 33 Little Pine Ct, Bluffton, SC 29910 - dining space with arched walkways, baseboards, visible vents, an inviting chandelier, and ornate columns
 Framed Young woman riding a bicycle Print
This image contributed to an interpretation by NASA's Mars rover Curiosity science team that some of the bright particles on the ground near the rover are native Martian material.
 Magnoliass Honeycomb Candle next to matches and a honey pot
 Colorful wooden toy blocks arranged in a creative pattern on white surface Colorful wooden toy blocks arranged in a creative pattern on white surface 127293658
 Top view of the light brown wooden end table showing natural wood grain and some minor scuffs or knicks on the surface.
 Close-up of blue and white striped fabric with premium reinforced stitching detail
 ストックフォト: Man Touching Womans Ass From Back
==
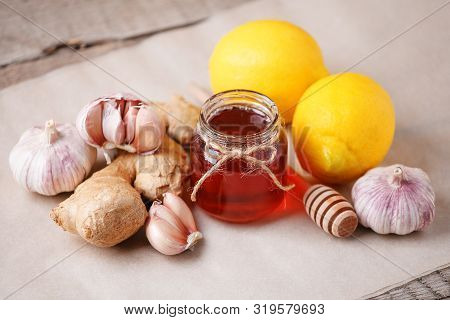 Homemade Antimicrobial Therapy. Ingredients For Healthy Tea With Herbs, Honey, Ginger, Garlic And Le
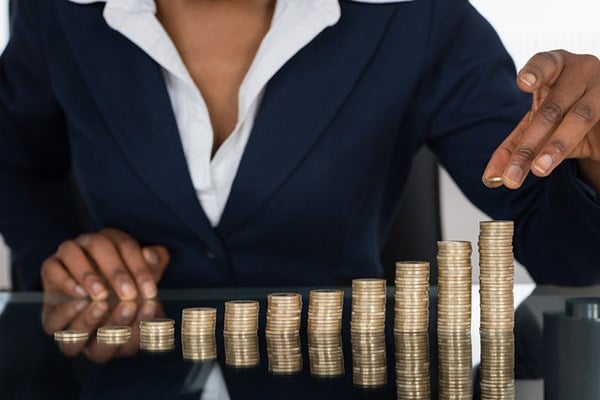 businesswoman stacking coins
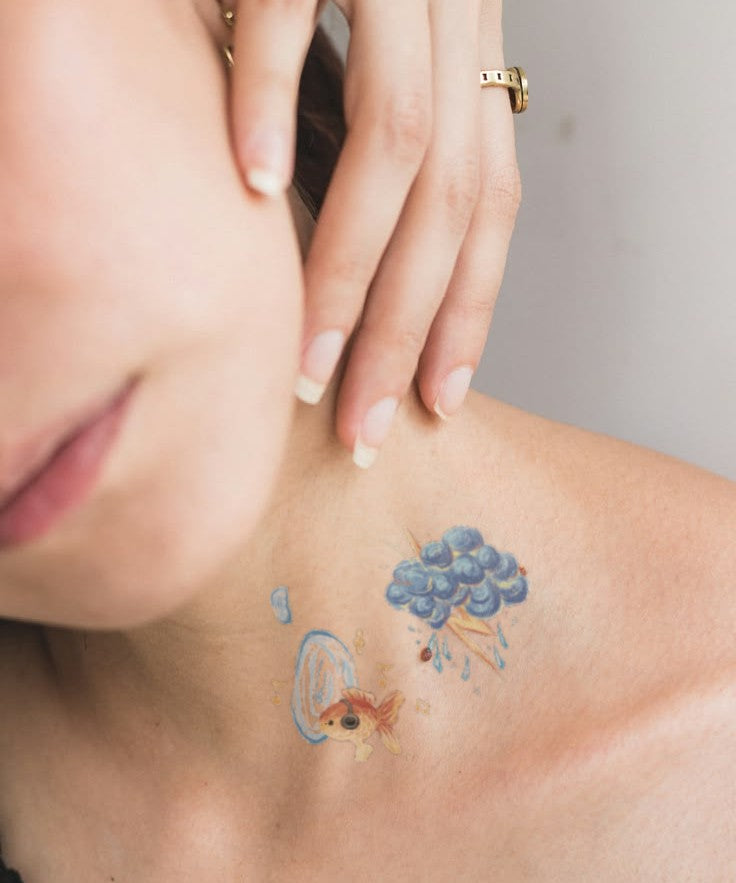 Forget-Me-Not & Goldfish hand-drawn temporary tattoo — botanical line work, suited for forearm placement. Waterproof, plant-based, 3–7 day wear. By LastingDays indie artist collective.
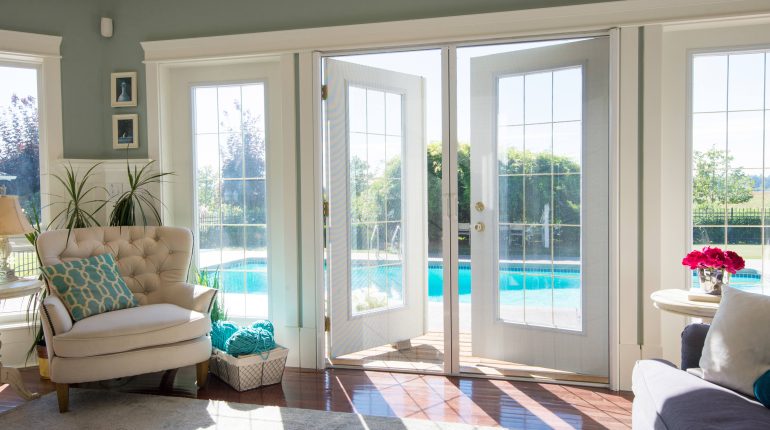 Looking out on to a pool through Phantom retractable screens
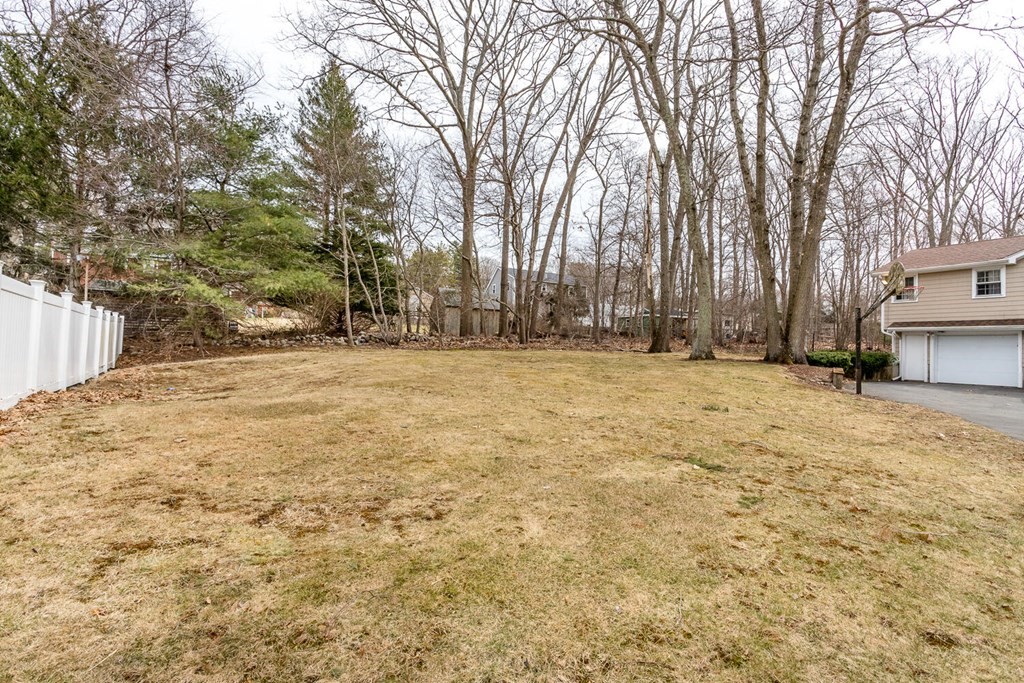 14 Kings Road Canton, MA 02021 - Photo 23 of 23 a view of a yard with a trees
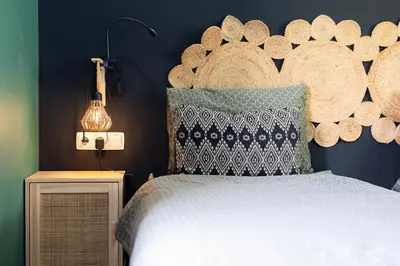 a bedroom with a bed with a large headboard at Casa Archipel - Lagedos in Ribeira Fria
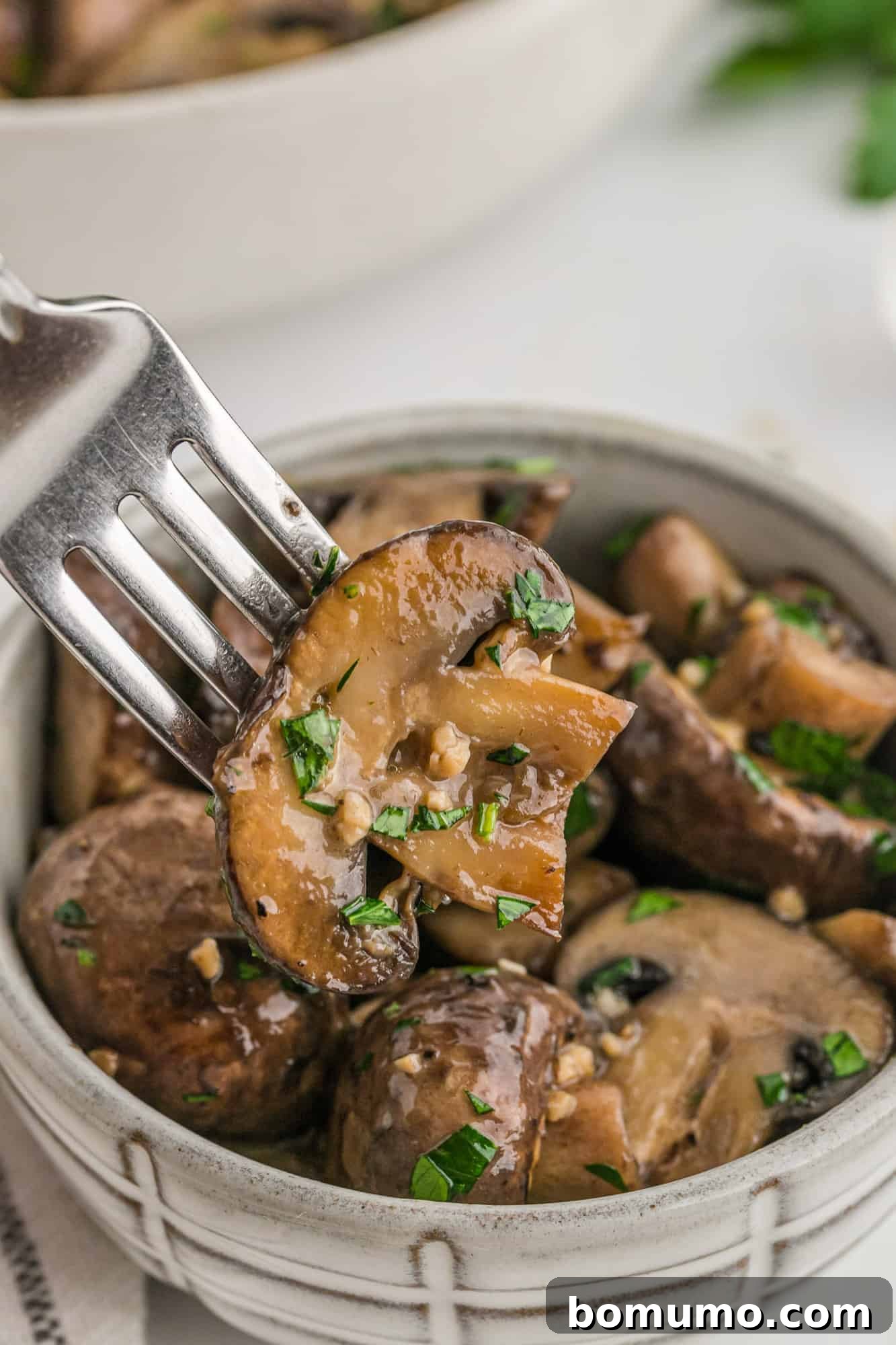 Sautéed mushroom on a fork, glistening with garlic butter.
==
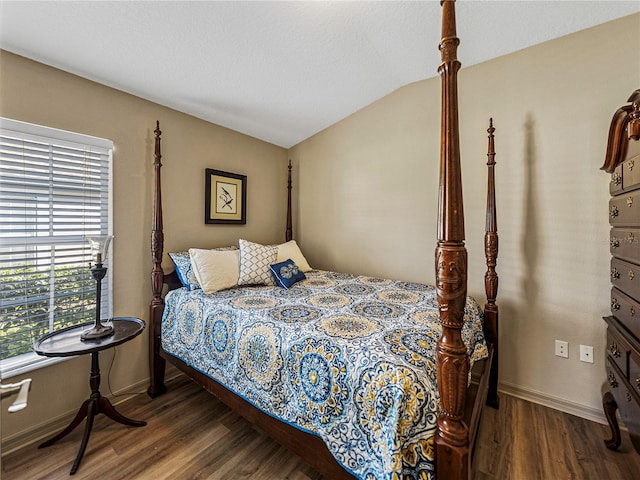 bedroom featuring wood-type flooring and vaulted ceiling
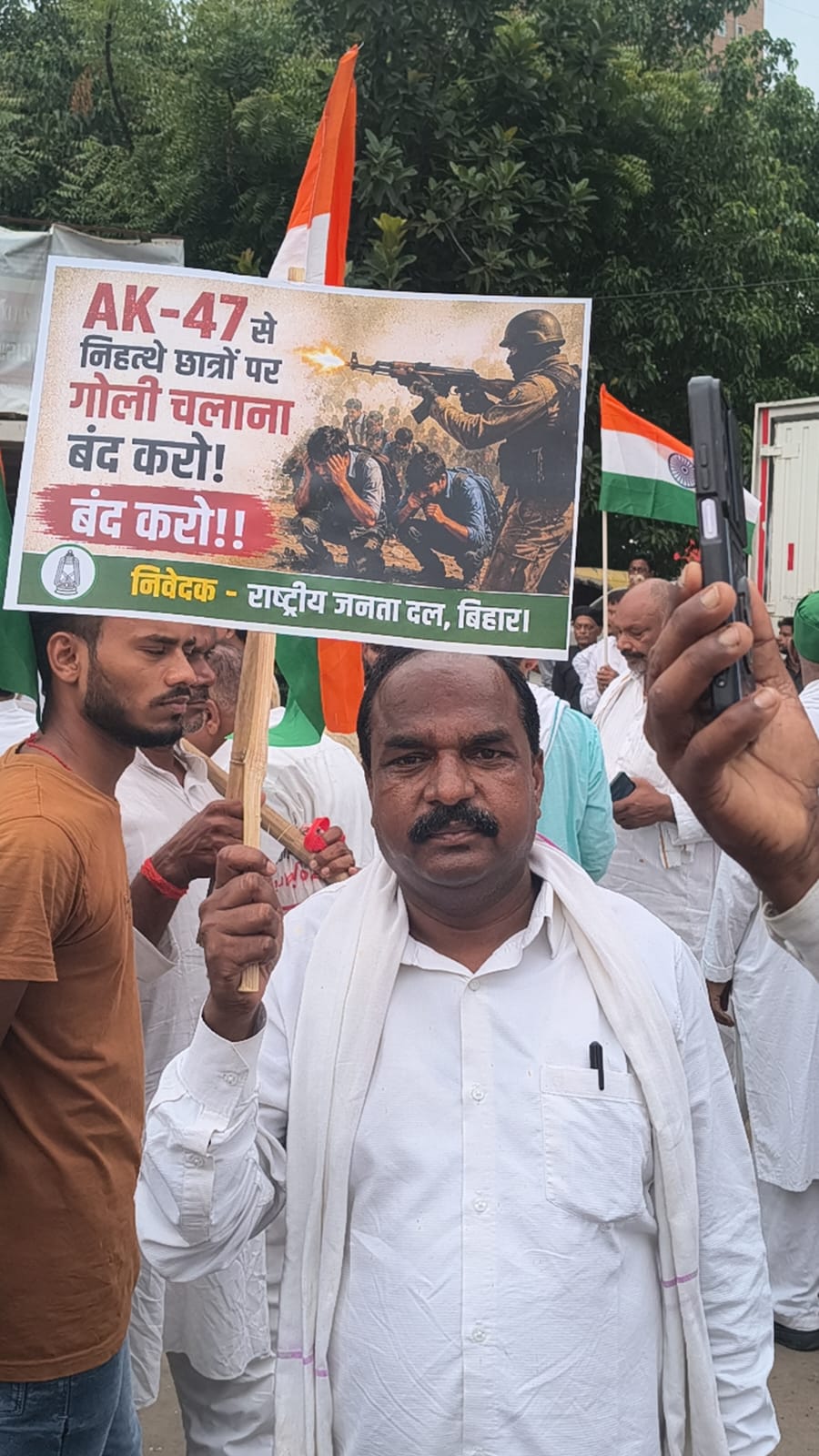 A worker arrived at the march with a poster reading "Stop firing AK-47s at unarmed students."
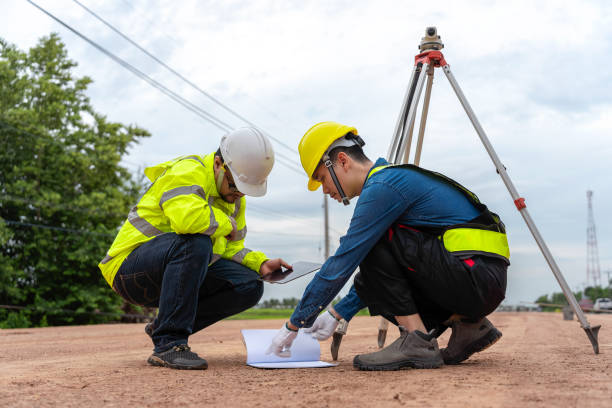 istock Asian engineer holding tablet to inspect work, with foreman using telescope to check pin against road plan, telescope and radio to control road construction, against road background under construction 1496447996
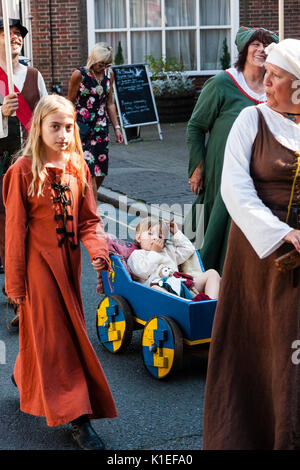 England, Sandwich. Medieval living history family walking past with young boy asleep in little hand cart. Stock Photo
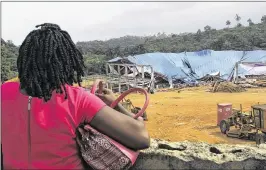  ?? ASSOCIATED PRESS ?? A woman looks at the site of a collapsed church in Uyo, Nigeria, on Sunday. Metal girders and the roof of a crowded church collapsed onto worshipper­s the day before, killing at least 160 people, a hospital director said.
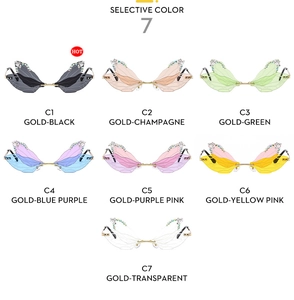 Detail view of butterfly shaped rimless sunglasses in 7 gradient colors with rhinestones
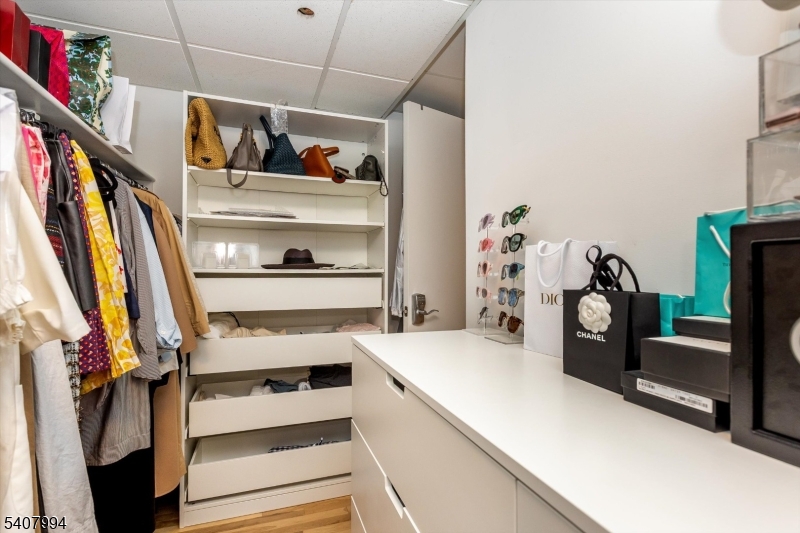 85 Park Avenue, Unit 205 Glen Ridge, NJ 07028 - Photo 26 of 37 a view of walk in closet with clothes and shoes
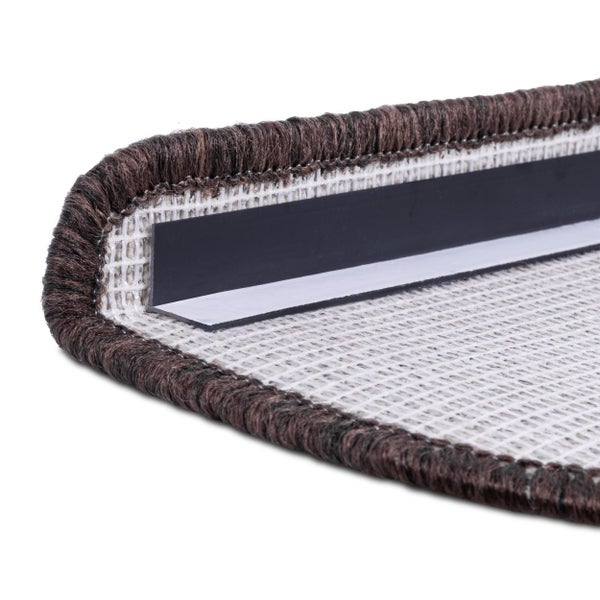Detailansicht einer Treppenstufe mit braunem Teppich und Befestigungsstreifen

## WHAT IS BEING ASKED
Would you copy out, exactly and with no pictures, only the lines above from the one that contains "Forget-Me-Not & Goldfish" through the one that contains "Sautéed mushroom on"?

## TASK OUTPUT
 Forget-Me-Not & Goldfish hand-drawn temporary tattoo — botanical line work, suited for forearm placement. Waterproof, plant-based, 3–7 day wear. By LastingDays indie artist collective.
 Looking out on to a pool through Phantom retractable screens
 14 Kings Road Canton, MA 02021 - Photo 23 of 23 a view of a yard with a trees
 a bedroom with a bed with a large headboard at Casa Archipel - Lagedos in Ribeira Fria
 Sautéed mushroom on a fork, glistening with garlic butter.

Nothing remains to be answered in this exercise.